Action item: In the listing below, the lines starting at the line with "Deep Black Pearl" and ending at the line with "라방 호텔 (충칭 서역 앞 광장)" are to be output verbatim. Images stay out of the copy.

Dataset records:

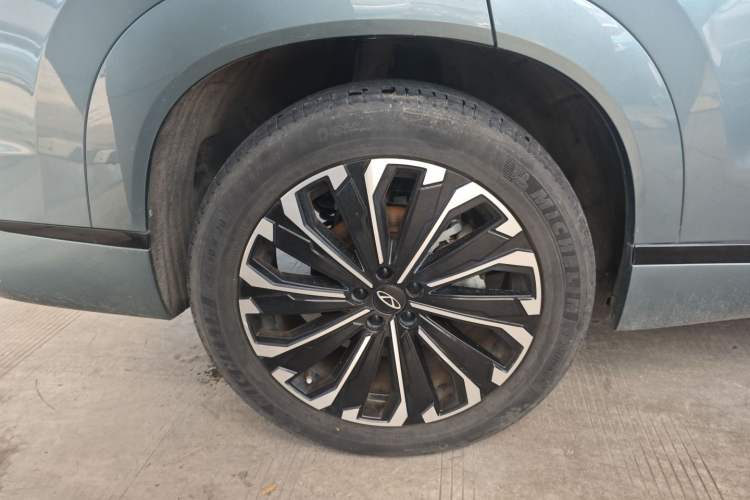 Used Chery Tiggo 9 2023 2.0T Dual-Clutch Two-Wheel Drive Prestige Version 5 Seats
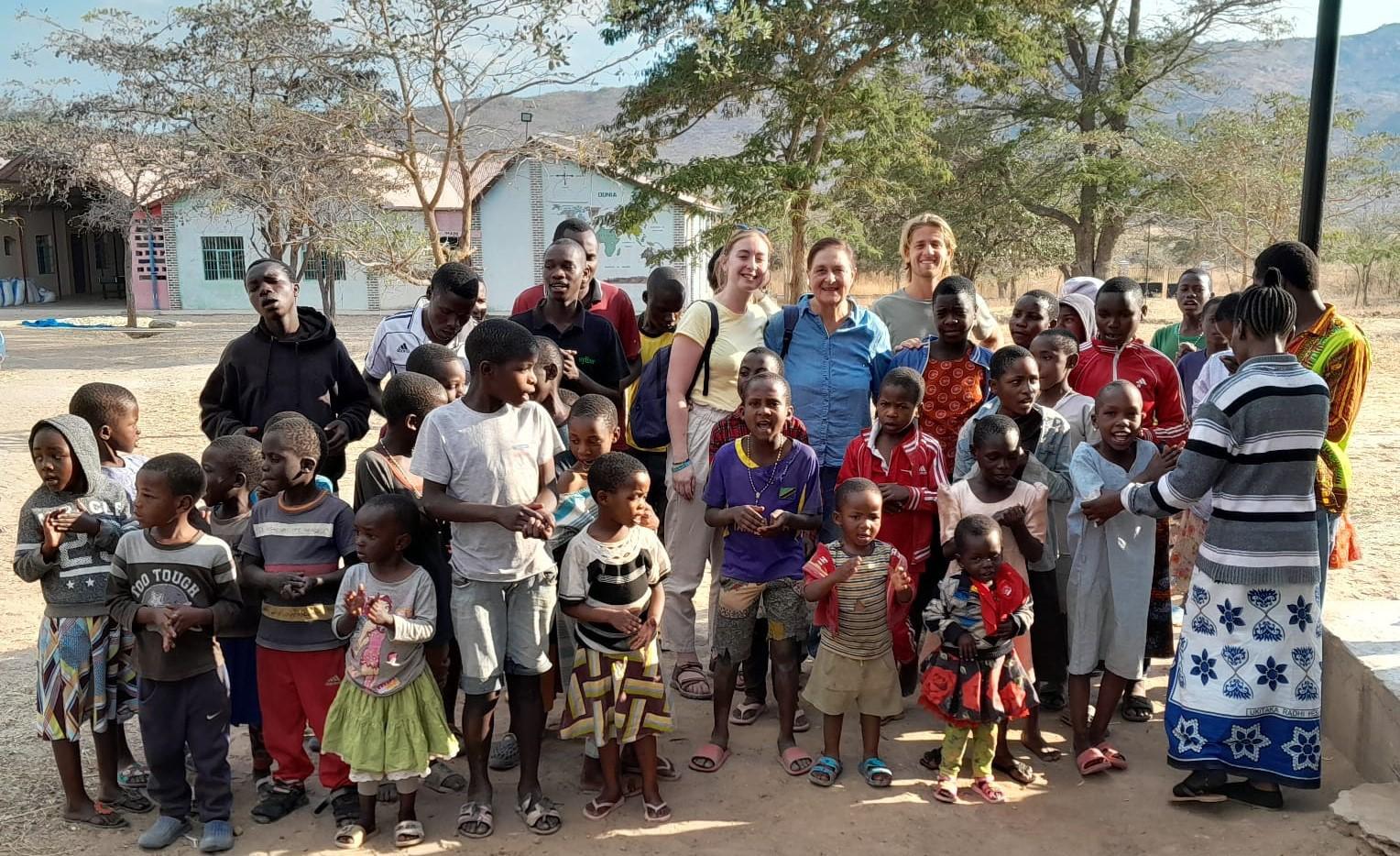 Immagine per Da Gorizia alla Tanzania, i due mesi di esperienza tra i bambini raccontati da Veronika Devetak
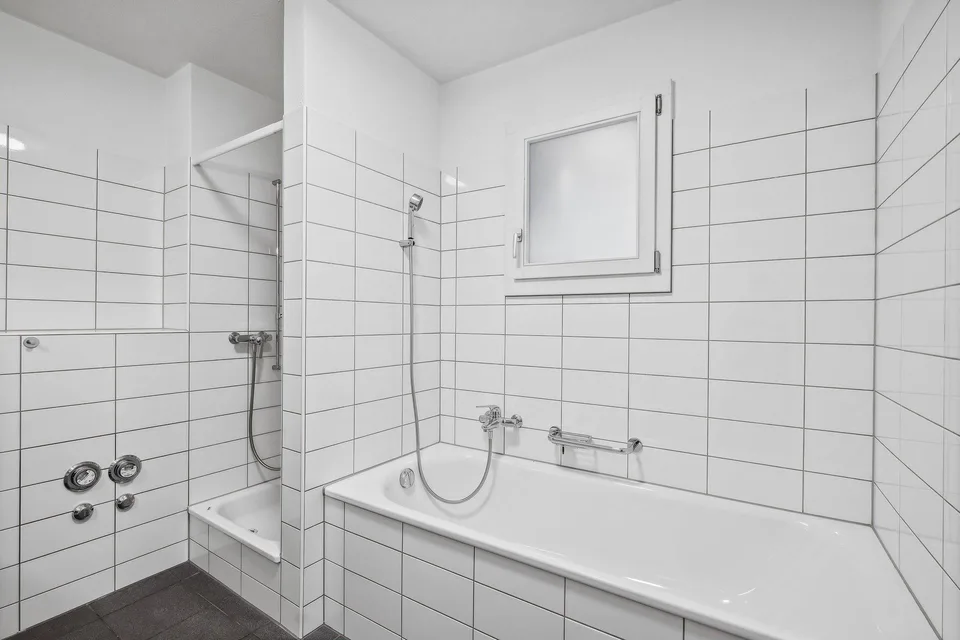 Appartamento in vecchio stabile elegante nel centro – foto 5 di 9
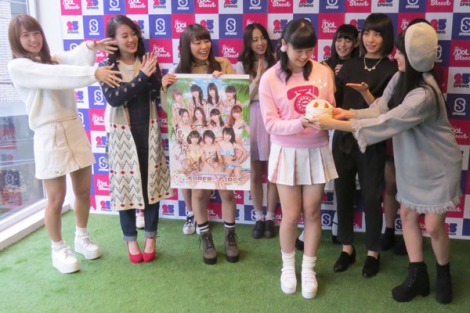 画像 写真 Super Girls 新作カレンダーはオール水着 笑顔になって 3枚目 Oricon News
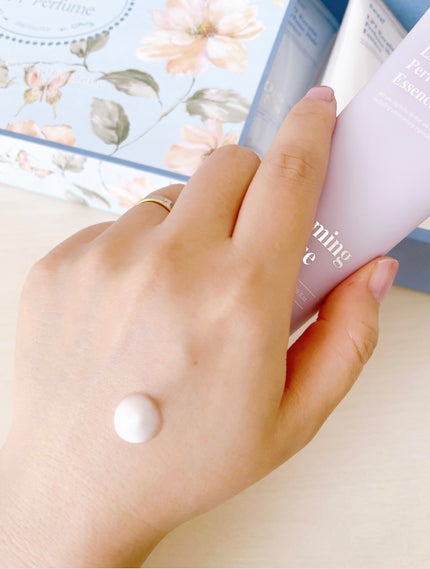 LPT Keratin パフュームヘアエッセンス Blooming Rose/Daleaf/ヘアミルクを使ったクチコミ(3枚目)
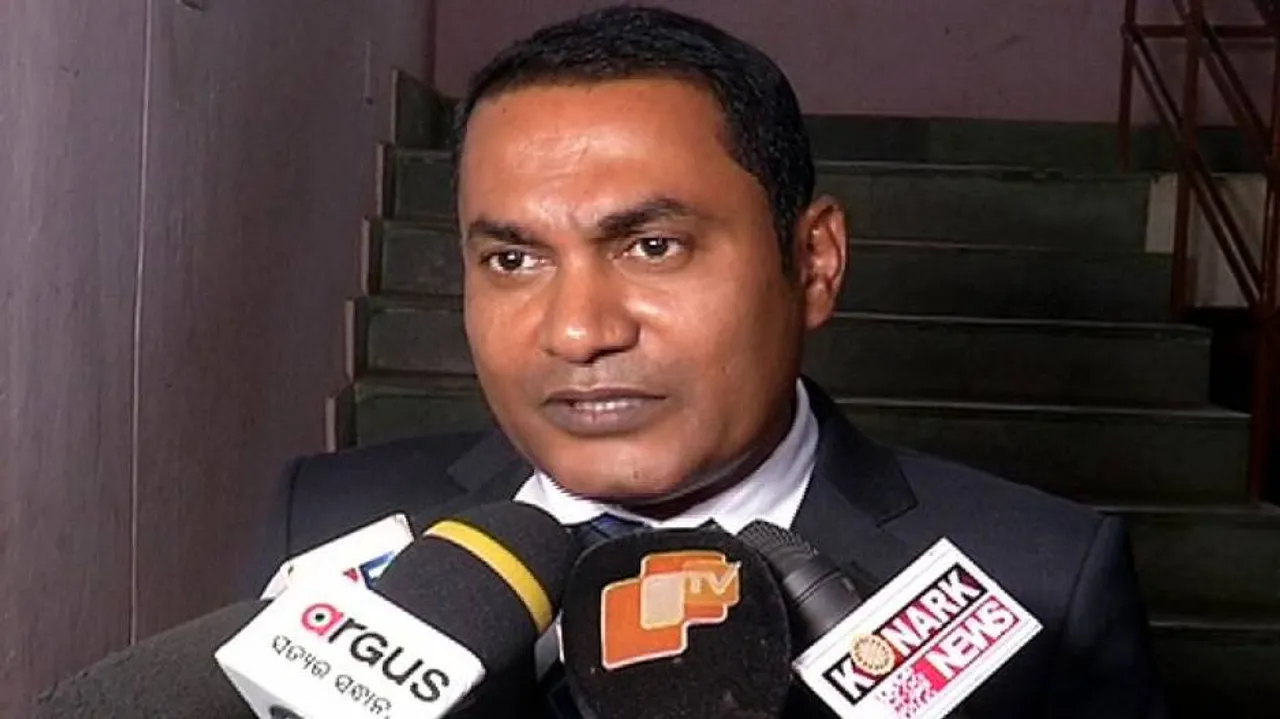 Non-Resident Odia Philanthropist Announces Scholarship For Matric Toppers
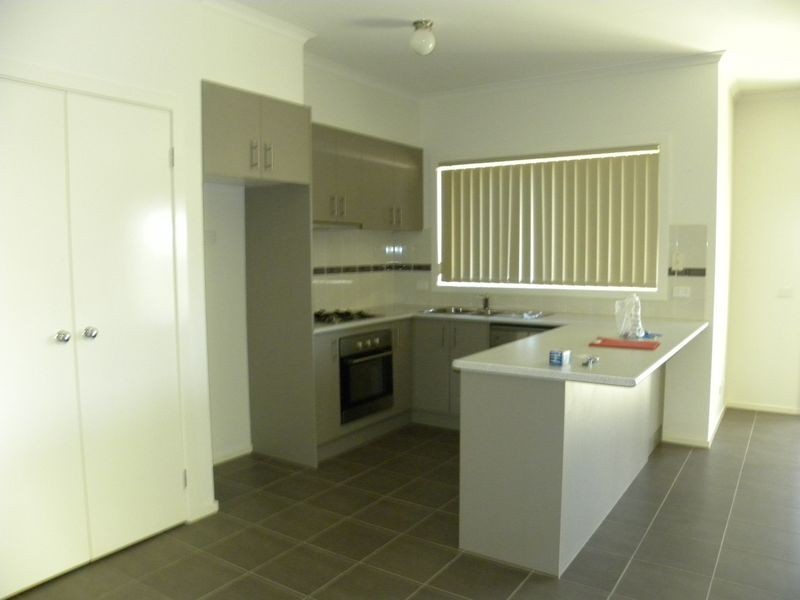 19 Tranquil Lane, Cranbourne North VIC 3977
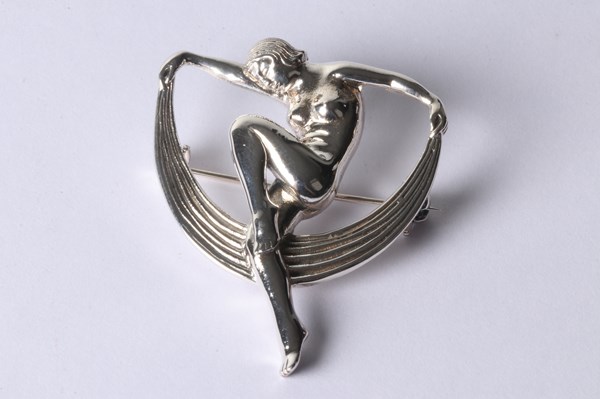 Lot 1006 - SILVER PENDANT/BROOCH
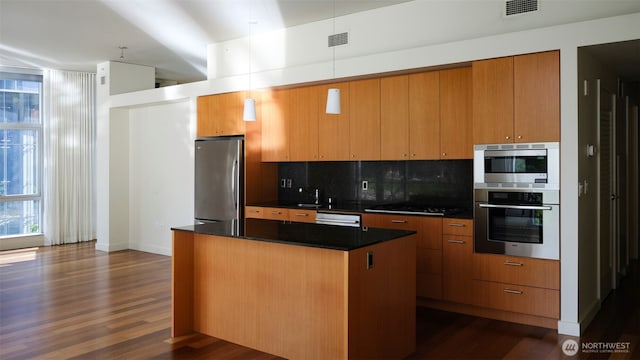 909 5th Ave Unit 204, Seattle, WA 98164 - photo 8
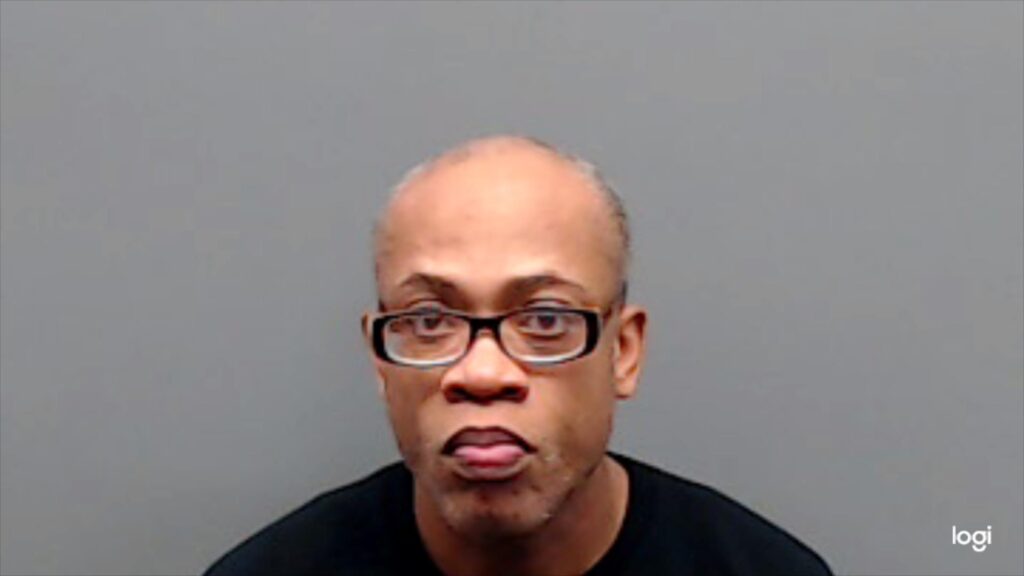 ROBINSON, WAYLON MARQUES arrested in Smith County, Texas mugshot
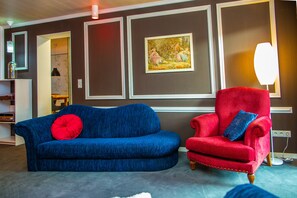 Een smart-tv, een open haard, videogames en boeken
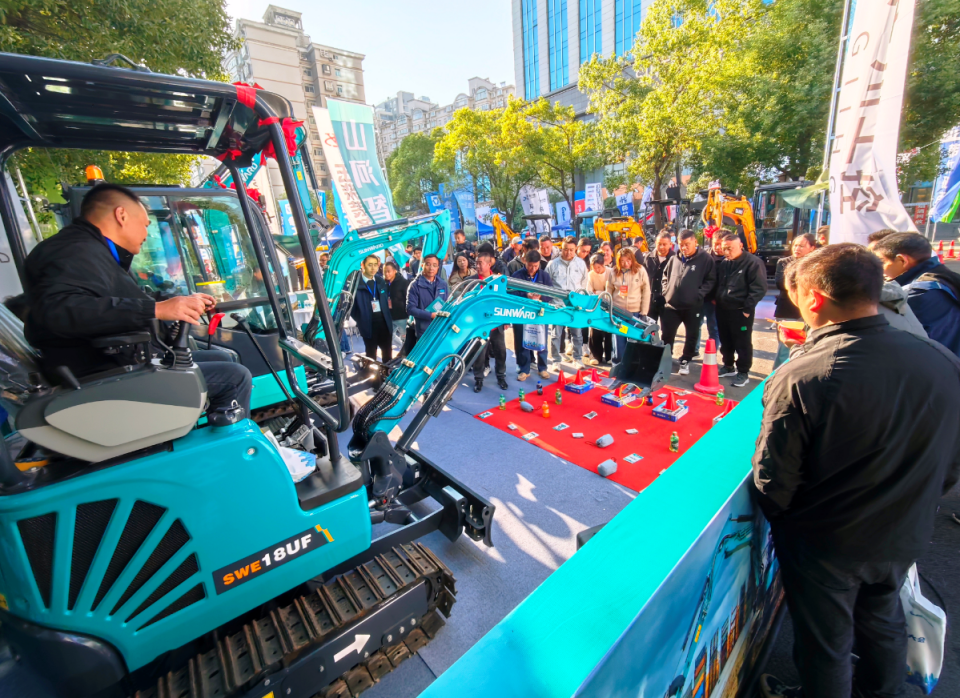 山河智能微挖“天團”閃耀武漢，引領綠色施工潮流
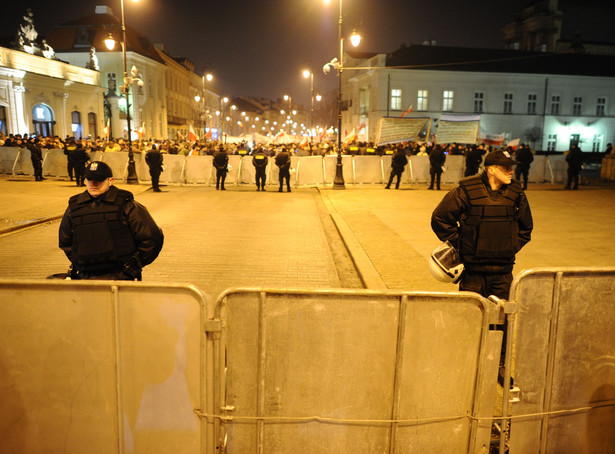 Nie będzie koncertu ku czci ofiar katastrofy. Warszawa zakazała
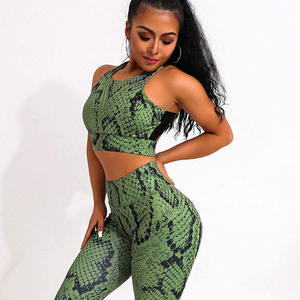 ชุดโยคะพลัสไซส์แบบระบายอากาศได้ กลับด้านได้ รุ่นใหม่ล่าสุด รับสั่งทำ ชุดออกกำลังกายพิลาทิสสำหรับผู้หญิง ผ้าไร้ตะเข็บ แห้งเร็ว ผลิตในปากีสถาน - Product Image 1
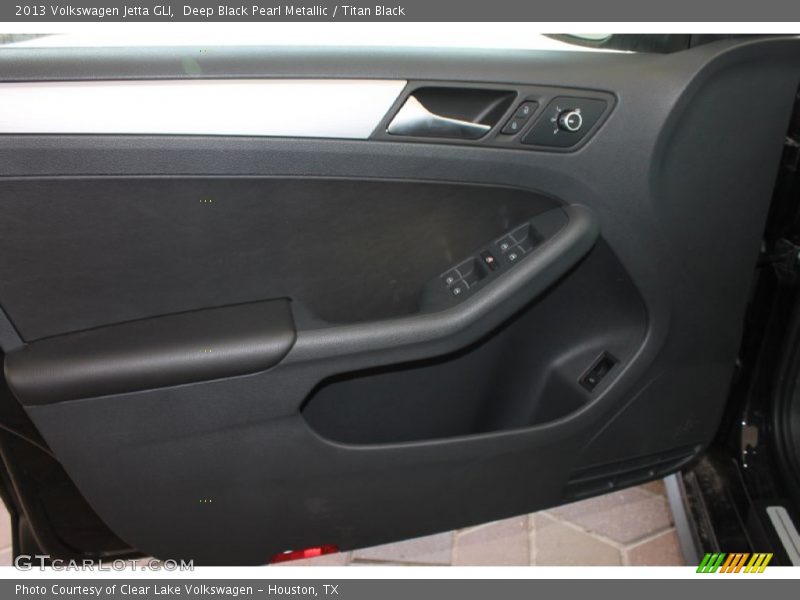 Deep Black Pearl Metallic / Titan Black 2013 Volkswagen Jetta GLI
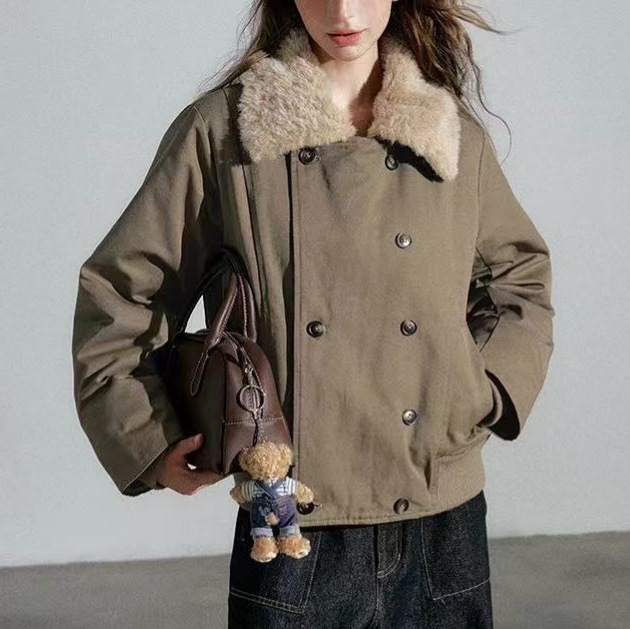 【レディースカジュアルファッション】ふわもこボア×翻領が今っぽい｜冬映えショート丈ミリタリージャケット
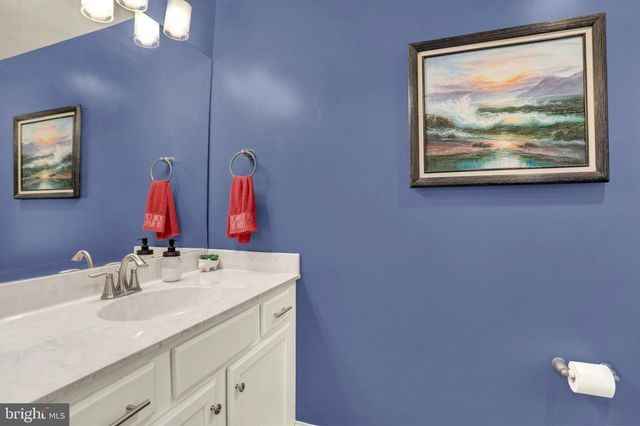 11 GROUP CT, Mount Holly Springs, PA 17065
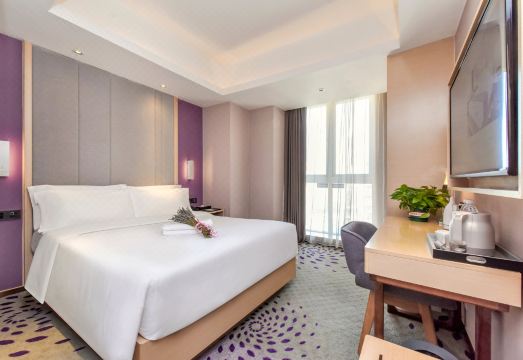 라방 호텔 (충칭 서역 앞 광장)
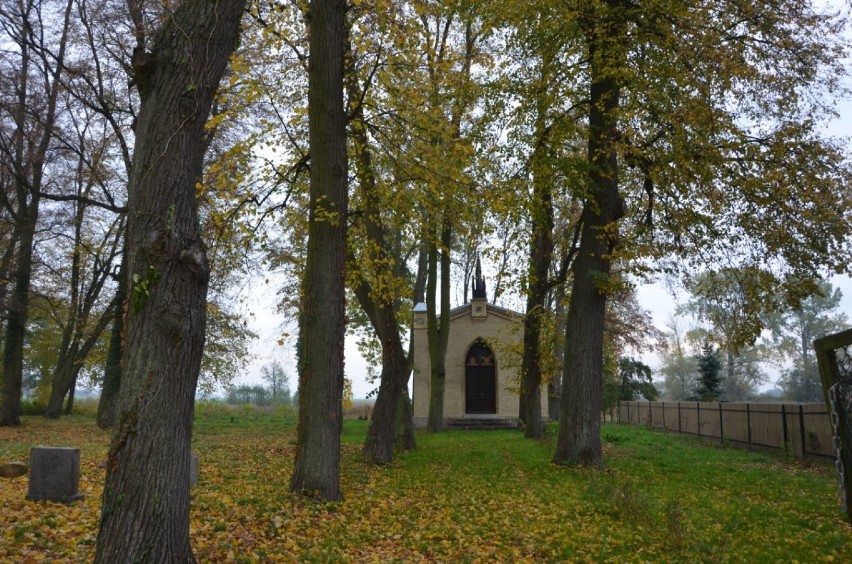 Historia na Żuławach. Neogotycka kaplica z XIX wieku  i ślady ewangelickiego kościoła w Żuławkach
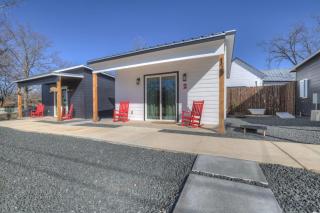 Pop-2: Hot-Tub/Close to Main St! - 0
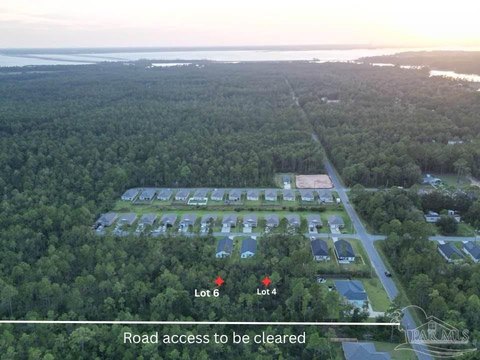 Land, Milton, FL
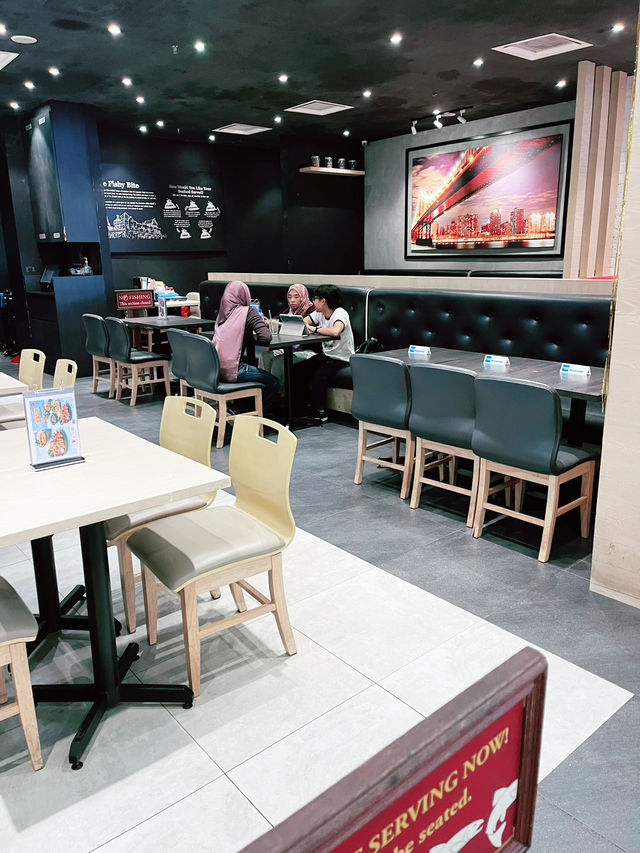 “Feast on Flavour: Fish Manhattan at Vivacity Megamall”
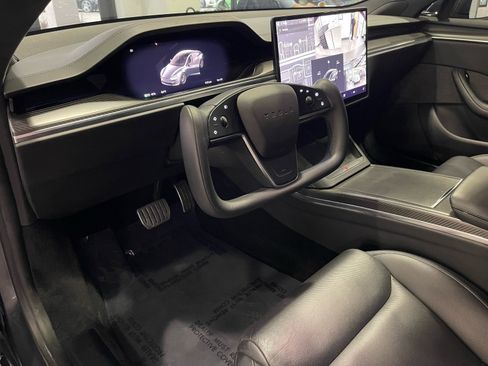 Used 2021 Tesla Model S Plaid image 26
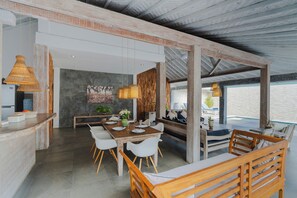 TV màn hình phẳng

Answer area:
 Deep Black Pearl Metallic / Titan Black 2013 Volkswagen Jetta GLI
 【レディースカジュアルファッション】ふわもこボア×翻領が今っぽい｜冬映えショート丈ミリタリージャケット
 11 GROUP CT, Mount Holly Springs, PA 17065
 라방 호텔 (충칭 서역 앞 광장)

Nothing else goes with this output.